- [INSTRUCTIONS FOR THE TASK] Look below for the line that contains "RUTH BONNEVILLE /" and the line that contains "Deep Black Küpe", then restate both of them and every line in between, exactly. No picture goes in the copy.

*** Block opens ***

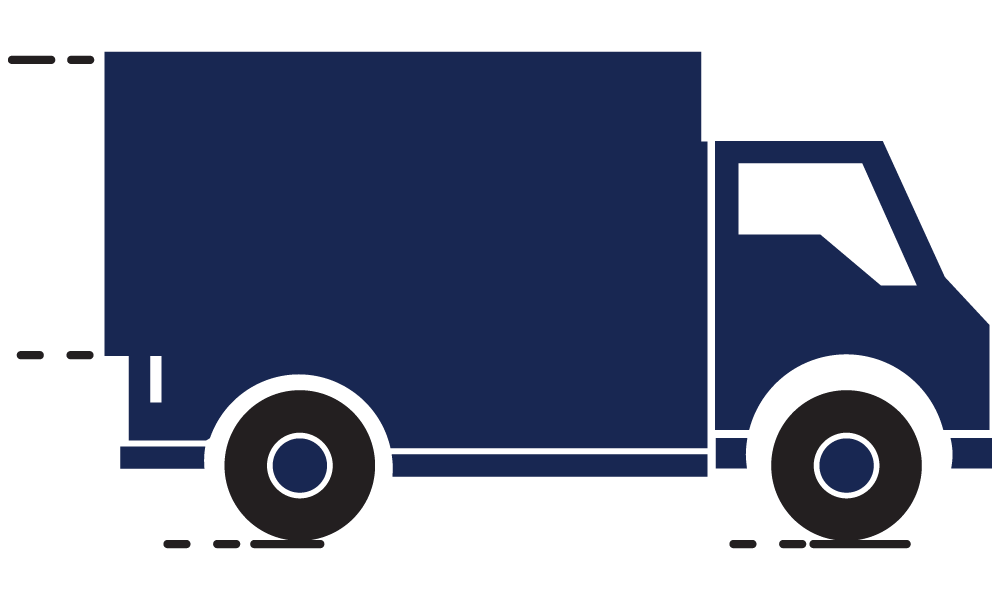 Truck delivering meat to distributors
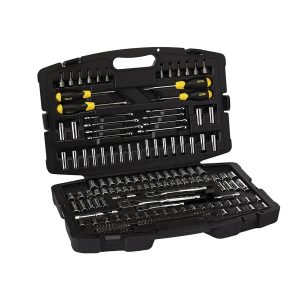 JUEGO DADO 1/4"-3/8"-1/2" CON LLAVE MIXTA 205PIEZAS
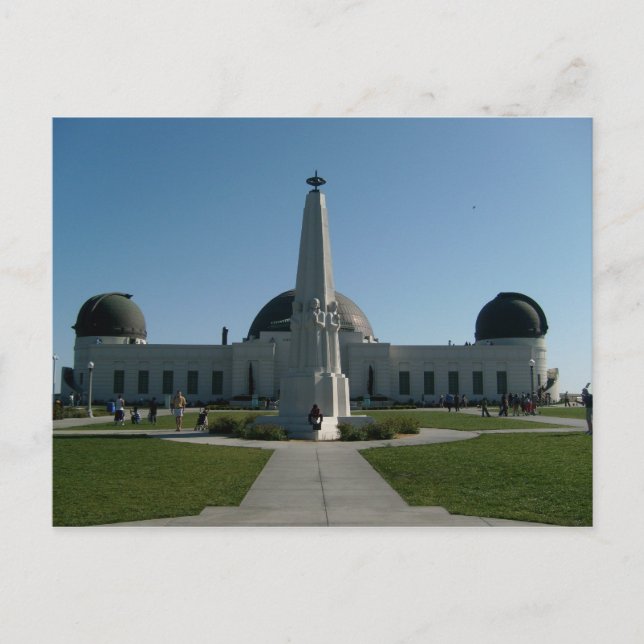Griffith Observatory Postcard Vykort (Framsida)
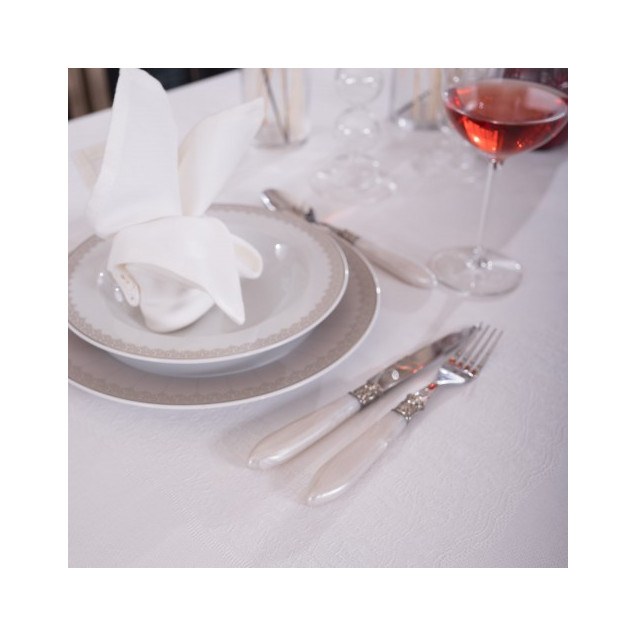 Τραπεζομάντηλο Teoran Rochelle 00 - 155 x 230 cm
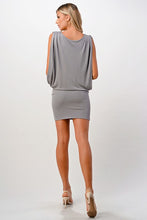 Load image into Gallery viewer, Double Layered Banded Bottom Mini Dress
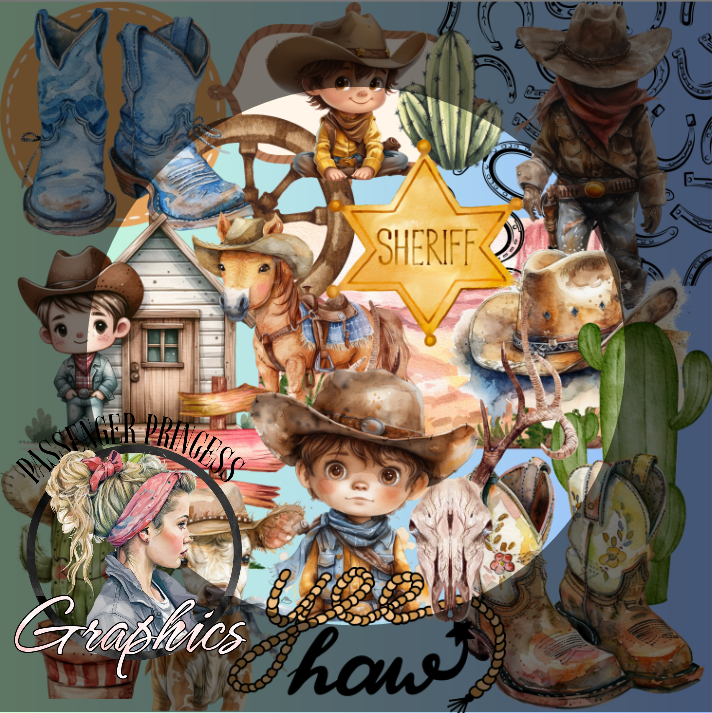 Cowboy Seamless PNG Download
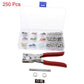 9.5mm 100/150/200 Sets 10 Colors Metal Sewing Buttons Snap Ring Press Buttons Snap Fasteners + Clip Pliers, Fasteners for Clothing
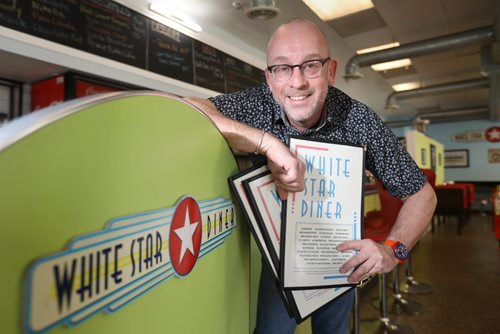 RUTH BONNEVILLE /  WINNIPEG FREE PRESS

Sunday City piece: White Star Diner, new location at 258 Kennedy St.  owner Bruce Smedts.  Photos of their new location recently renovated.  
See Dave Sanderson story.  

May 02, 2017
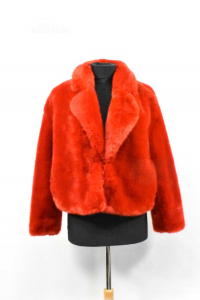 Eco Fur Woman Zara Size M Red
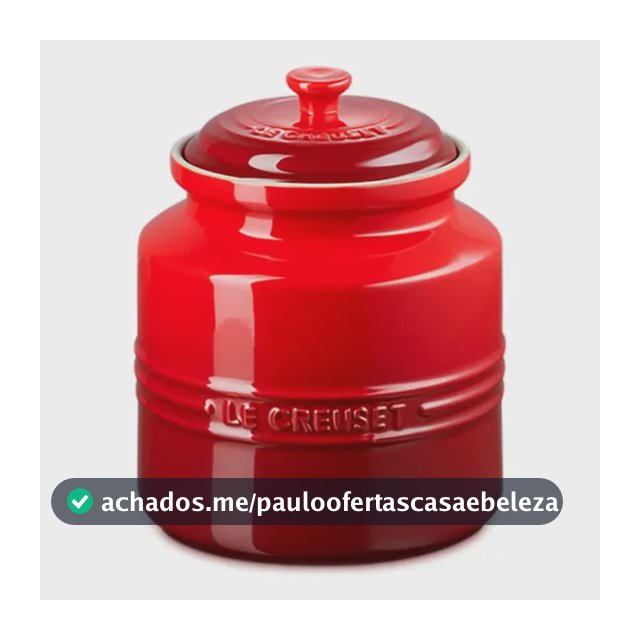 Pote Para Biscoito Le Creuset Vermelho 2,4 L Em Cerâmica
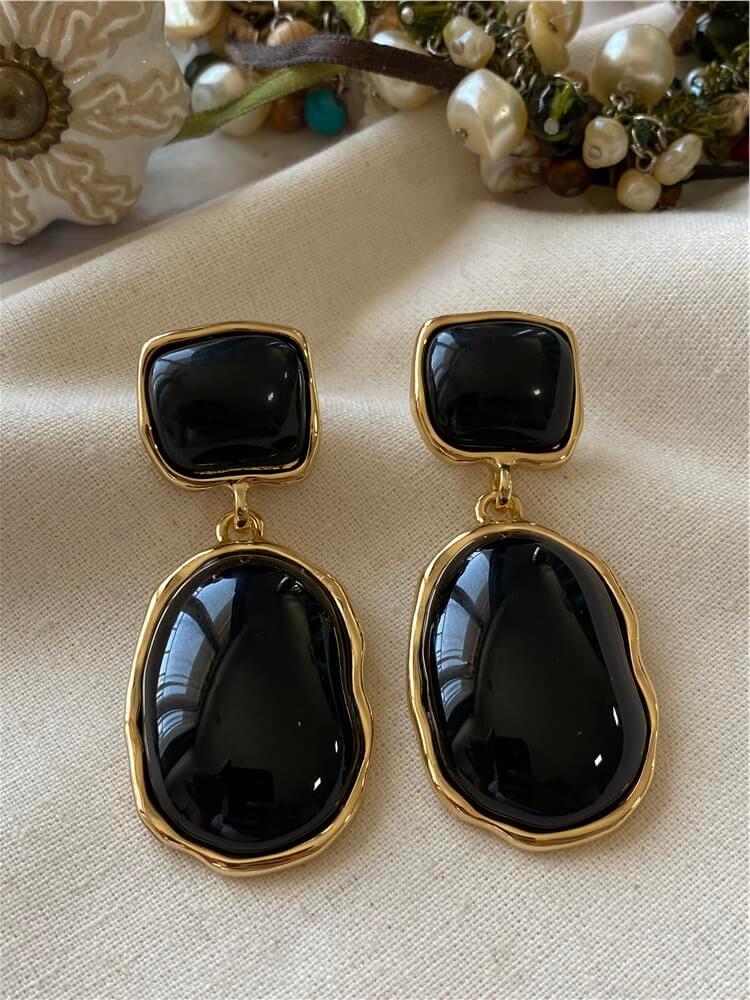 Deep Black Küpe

*** Block closes ***
*** Block opens ***

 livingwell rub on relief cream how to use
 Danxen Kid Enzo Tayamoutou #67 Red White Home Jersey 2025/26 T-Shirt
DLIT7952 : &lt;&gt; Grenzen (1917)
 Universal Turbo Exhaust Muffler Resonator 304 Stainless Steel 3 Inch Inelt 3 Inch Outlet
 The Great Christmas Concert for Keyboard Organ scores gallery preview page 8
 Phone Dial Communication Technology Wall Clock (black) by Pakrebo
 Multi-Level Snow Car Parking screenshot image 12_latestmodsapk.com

*** Block closes ***

- [RESULT]
 RUTH BONNEVILLE /  WINNIPEG FREE PRESS

Sunday City piece: White Star Diner, new location at 258 Kennedy St.  owner Bruce Smedts.  Photos of their new location recently renovated.  
See Dave Sanderson story.  

May 02, 2017
 Eco Fur Woman Zara Size M Red
 Pote Para Biscoito Le Creuset Vermelho 2,4 L Em Cerâmica
 Deep Black Küpe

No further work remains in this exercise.